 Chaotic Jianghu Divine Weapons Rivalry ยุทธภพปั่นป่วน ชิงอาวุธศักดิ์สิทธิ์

--------

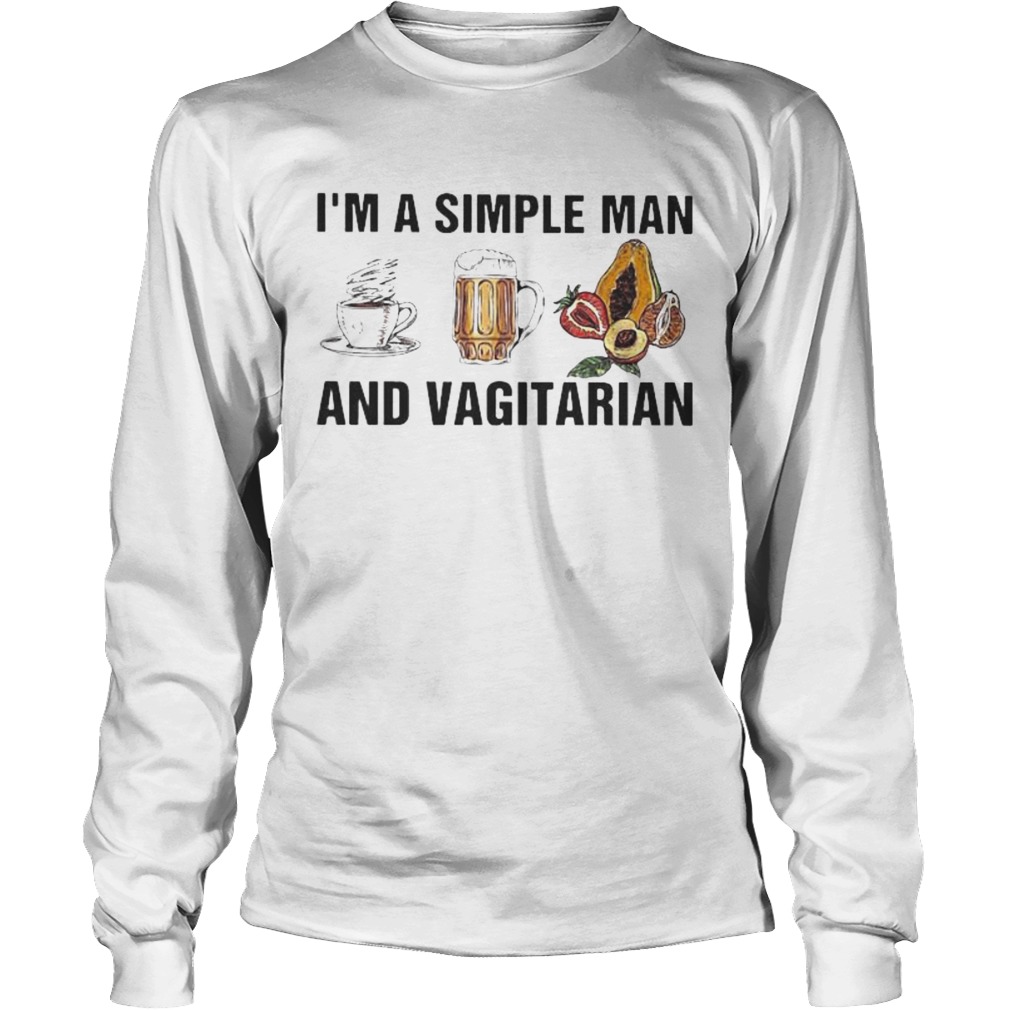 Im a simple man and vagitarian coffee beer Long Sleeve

--------

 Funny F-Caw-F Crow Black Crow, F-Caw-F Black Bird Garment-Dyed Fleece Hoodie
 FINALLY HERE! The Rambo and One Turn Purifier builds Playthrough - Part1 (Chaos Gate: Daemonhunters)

--------

• TO DO: From the entries above, print the lines beginning at the one with "Funny F-Caw-F Crow" and stopping after the one with "FINALLY HERE! The", exactly as written and with nothing else.

• SOLVED PROBLEM:
 Funny F-Caw-F Crow Black Crow, F-Caw-F Black Bird Garment-Dyed Fleece Hoodie
 FINALLY HERE! The Rambo and One Turn Purifier builds Playthrough - Part1 (Chaos Gate: Daemonhunters)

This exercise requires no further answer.